The analyst comments "JPM View: In a quarter that saw several of MUR’s oil peers (APA, COP, EOG, DVN, and FANG) raising production outlooks within their overall capex guidance ranges, MUR’s operational update didn’t keep up with the Joneses as we reduced our full-year production forecast by -1.1%, including -2.6% for closely watched oil volumes. That said, we were encouraged on the Board’s decision to accelerate the timing of Murphy 3.0, which will result in more support for the stock through higher buyback activity. Given this mixed update, the near-term prospects of the stock largely hinge on the drillbit with all eyes on Vietnam. The 2Q24 update could best be described as a weaker 2H24 offshore operational outlook offset by the formal shift to Murphy 3.0 of its shareholder return plan a couple of quarters faster than expected at strip pricing. MUR guided to 3Q24 volumes of 185.5 MBoe/d, which trailed pre-call JPMe/STe by -4%, including -6%/-9% lower oil volumes (92 MBo/d vs. JPMe/STe of 97.9 and 100.4 MBo/d). The lower 3Q24 oil guide was driven by 9.4 MBoe/d of downtime, including 3.9 MBoe/d risked for GoM storms (expected) and 5.5 MBoe/d of GoM/U.S. onshore downtime (unexpected). MUR’s 2Q24 workover expense of $68mm was in-line with their 2Q24 guide of $65mm, but the company expects to incur $35mm of workover expense in 3Q24, which was essentially in-line with our modeling.

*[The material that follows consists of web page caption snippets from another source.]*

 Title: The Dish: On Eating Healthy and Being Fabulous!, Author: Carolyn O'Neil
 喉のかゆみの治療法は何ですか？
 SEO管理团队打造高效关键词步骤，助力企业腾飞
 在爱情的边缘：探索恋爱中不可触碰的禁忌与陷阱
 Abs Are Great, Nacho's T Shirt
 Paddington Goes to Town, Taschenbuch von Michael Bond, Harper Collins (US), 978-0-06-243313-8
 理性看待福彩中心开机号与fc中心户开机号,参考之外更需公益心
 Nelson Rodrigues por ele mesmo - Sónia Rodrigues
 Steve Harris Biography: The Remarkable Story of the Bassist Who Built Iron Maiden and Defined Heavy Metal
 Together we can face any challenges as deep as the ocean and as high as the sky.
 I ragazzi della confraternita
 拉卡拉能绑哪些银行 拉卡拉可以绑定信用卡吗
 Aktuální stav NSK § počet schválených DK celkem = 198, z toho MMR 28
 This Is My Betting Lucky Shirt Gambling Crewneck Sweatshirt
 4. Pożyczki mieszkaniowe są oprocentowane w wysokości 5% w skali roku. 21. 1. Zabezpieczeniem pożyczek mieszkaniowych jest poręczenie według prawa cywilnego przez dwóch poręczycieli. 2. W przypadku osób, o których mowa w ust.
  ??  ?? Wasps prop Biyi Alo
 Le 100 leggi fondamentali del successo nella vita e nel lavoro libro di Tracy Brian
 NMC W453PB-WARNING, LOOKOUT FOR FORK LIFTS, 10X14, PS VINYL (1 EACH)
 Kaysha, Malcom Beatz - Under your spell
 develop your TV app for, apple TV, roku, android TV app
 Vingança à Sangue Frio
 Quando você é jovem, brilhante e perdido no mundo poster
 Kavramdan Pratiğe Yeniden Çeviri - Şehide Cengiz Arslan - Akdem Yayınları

MUR does expect 4Q24 volumes to rise by 8 to 9 MBoe/d sequentially, driven by +4 MBoe/d of incremental output at Neidermeyer, +1.6 MBoe/d from Kodiak, +1.5 MBoe/d from Dalmation, less storm downtime, and some uplift from a high-rate completion at Mormont #3 during 4Q. Management also expects for Terra Nova to average 6 MBo/d net to MUR in 2H24 vs. 4.2 MBo/d in 2Q24. On a 3Q24 and 4Q24 basis, we are modeling 186 MBoe/d (92 MBo/d) and 189 MBoe/d (98 MBo/d) for volumes, which would place full-year volumes at 181 MBoe/d (92 MBo/d). MUR's BoD changed the long-term debt assumption from $1.0bn to $1.3bn to commence Murphy 3.0 of its shareholder returns program, which will result in the return of 50% of adjusted FCF to investors on a go forward basis. Management signaled its intention to exceed this minimum hurdle, with the company repurchasing $56mm of stock in 2Q24 and $44mm QTD in 3Q24. The company is still focused on reducing debt below $1.0bn."